The significance of an FDAC cannot be overstated for a country with Nigeria's aviation safety history. For decades, flight data analysis was conducted primarily after accidents — the black box was recovered, the data extracted, and findings published in accident reports that might or might not generate implemented safety recommendations. The FDAC reverses this entirely: flight data is analysed continuously, before accidents occur, identifying anomalous patterns in aircraft behaviour — unstable approaches, speed exceedances, abnormal configuration sequences — that indicate potential safety risks before they result in incidents.
Industry stakeholders have long identified the inability to keep data of past incidents and other aviation activities as a major challenge for the sector — the FDAC directly addresses this by creating a robust safety data bank and enhancing compliance with international standards. A national aviation safety database, fed by continuous FDAC analysis, transforms Nigeria's safety oversight from reactive to predictive — the same philosophical shift that separates a smart traffic management system from a conventional one. The FDAC is the aviation equivalent of a predictive maintenance system applied not to infrastructure but to flight operations.
ICAO's global Aviation Safety Plan and digital transformation framework provides the international context within which Nigeria's FDAC and TRACON modernisation sit — and defines the performance-based safety targets that MMIA's digital air traffic monitoring systems are explicitly being designed to meet.
MMIA Recertification: What 136 Closed Items Really Mean
The aerodrome recertification of MMIA by NCAA in late 2024 was one of the most important single milestones in Nigerian aviation in recent years — and its significance for digital air traffic monitoring is direct and concrete. FAAN closed 136 items or gaps for MMIA as part of the recertification process — the recertification is anchored in the principles established by ICAO, involving rigorous assessments of facilities including runway conditions and airfield lighting systems to ensure compliance with global standards.

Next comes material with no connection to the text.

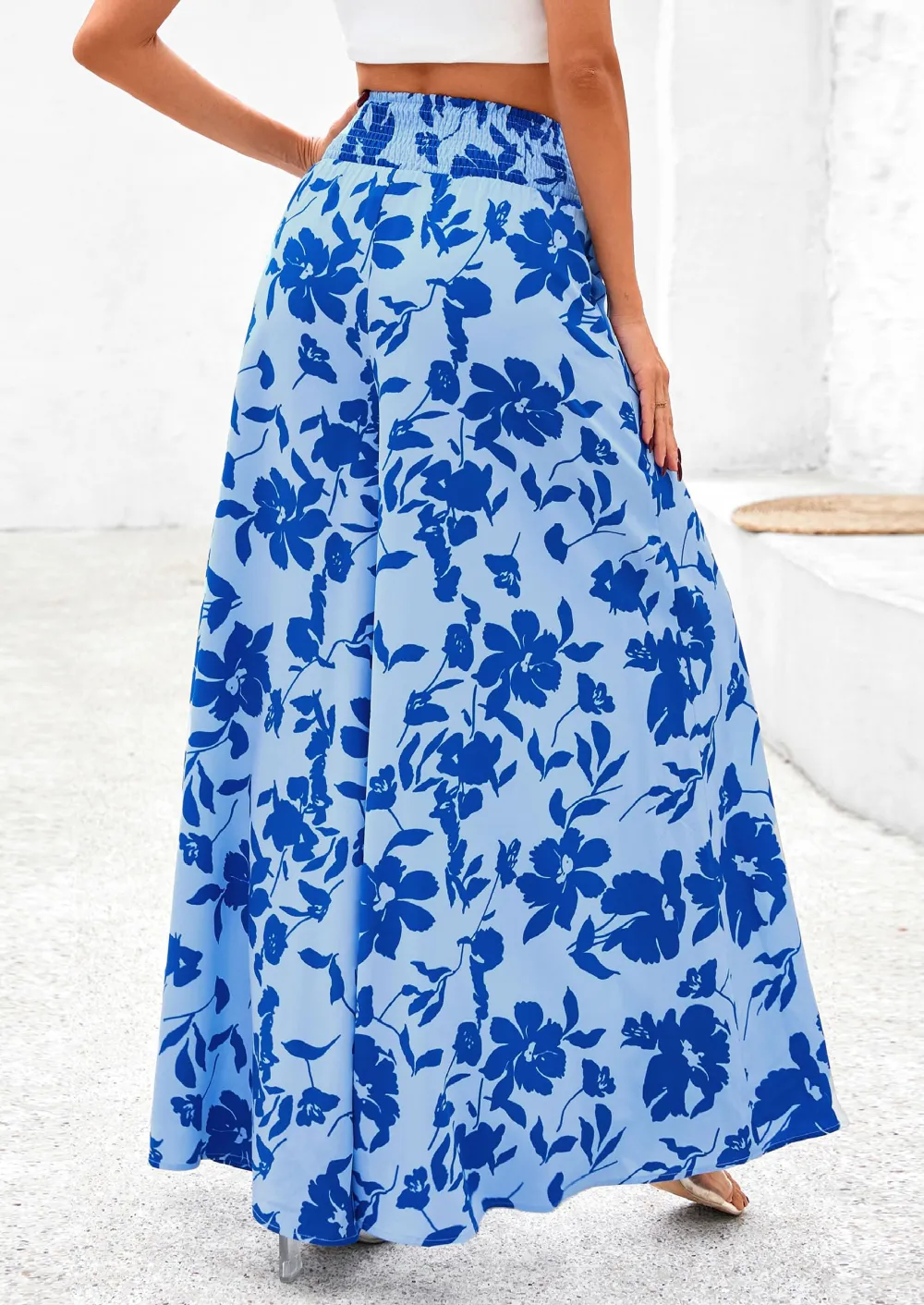 Casual Elastic High WaistedPockets Boho Beach Wide LegPalazzo Pants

Each of those 136 closed items represents a compliance gap that previously existed between MMIA's physical and operational infrastructure and the ICAO standards that define a safe, certifiable international airport. Some gaps were physical — pavement conditions, marking, lighting. Others were procedural — documentation, training records, safety management systems. But a significant portion relate directly to navigation and surveillance infrastructure: the instrument landing systems, the approach lighting, the runway visual range measurement equipment, and the airfield lighting control systems that together create the digital environment in which air traffic controllers and pilots operate during instrument flight conditions at Lagos.
FAAN's MD described AI as a game-changer in aviation, with NAMA, FAAN, and NCAA already deploying resources to equip their workforce with AI capabilities, citing digital advancements transforming training, maintenance, and air traffic control as driving a tech-driven future in Nigerian aviation. The recertification is not the endpoint of that digital transformation. It is the regulatory foundation — the baseline compliance from which genuine modernisation can be built. A certified aerodrome with ICAO-compliant infrastructure is one on which digital systems can be overlaid with confidence that the foundational physical and procedural environment meets international standards.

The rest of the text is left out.